- Youth Detective Haruya (Japanese: 青春探偵ハルヤ, Hepburn: Seishun Tantei Haruya)
- Genre: Mystery fiction;
- Based on: "Perfect Summer for End Credits" by Ēichi Fukuda
- Screenplay by: Shinichi Tanaka; Yukari Nakamura; Ureha Shimada;
- Directed by: Toru Otsuka; Takashi Komatsu; Yoshinori Kuraki;
- Starring: Yuta Tamamori
- Music by: Akio Izutsu
- Ending theme: "AAO" by Kis-My-Ft2
- Country of origin: Japan
- Original language: Japanese
- No. of episodes: 8

Production
- Executive producers: Yasunori Nakamura; Toshiki Kitani;
- Producers: Masahiro Tanaka; Tatsuya Itoh;
- Running time: 60min
- Production companies: Yomiuri Telecasting Corporation; Media Mix Japan Co.Ltd.;

Original release
- Release: 15 October – 24 December 2015

= Youth Detective Haruya =

Youth Detective Haruya is a Japanese TV series produced by Yomiuri Telecasting Corporation and aired on Nippon TV's "Platinum Night Thursday Drama" from October 15 to December 24, 2015. Yuta Tamamori played the lead role in his first Nippon TV drama series and the first lead role for a member of the Johnny & Associates in the same slot, including in a Thursday night drama.

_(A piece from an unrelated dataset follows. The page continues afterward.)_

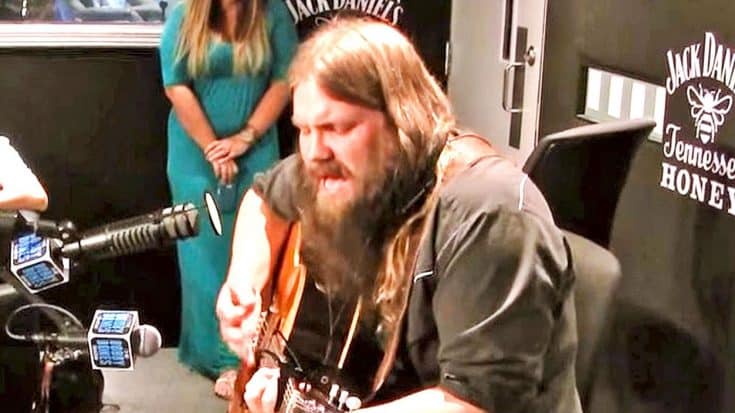 Chris Stapleton Performs Acoustic Cover Of Josh Turner’s Love Song ‘Your Man’ | Country Music Videos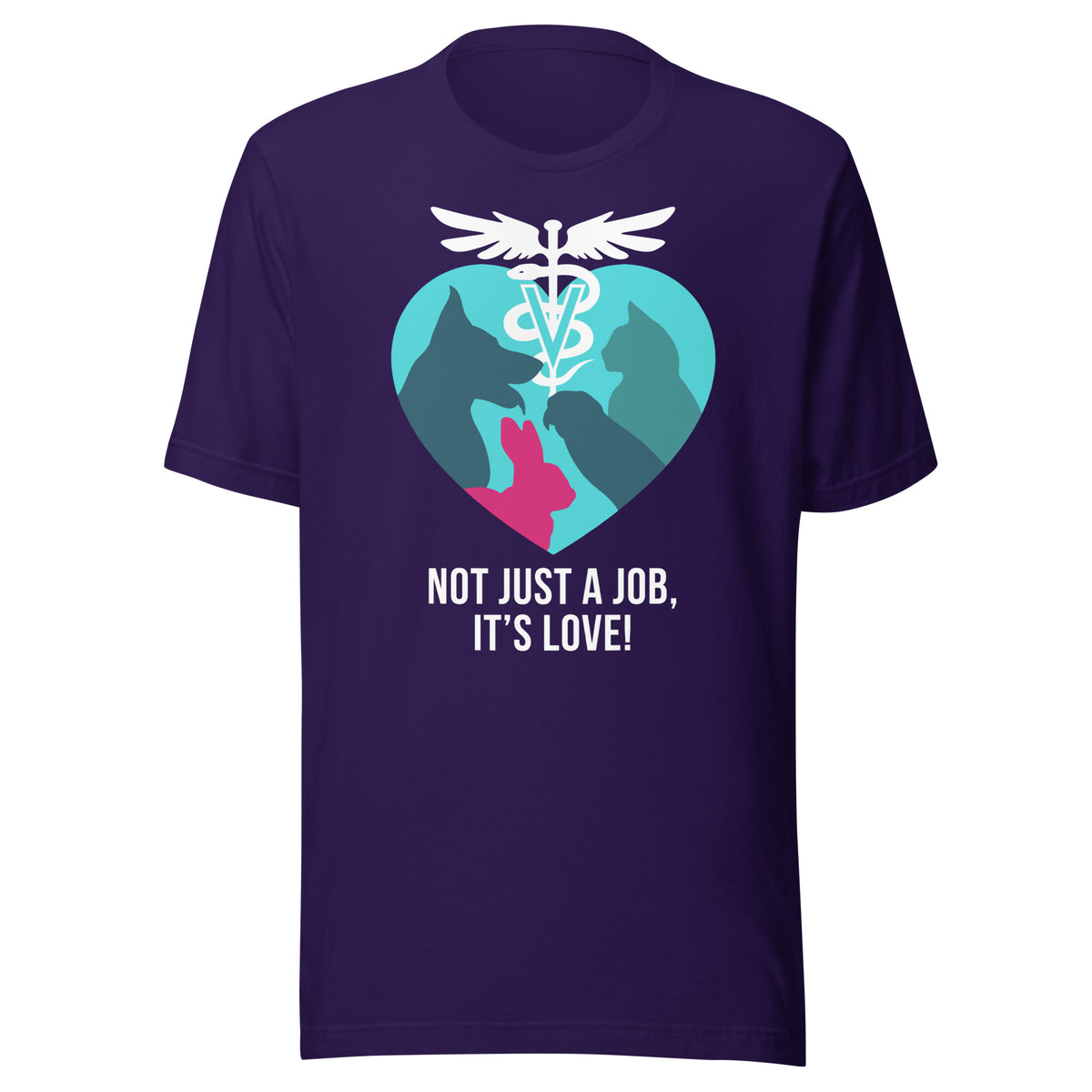 Not just a job, it's love Unisex t-shirt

In the original story, multiple incidents involving Haruya take place in parallel and intertwine with each other, but the TV drama was produced as a good-punishment drama with one complete episode.

==Synopsis==
Haruya Asaki (Yuta Tamamori) is a poor student who earns his tuition and living expenses by working part-time as a demolition worker. His bad friend, Kazuomi Kubodera (Sho Takada), offers him a part-time job in exchange for a large sum of money. The job is to find out who is stalking Miu Nomi (Yua Shinkawa), a beauty queen of same college. When he meets Miu, she tells him that she wants Haruya to investigate the case because she has talked to the police and they will not take her up on her offer. Haruya is attracted by the reward and begins his investigation with his roommate, Toshiki Shinohara (Ami201).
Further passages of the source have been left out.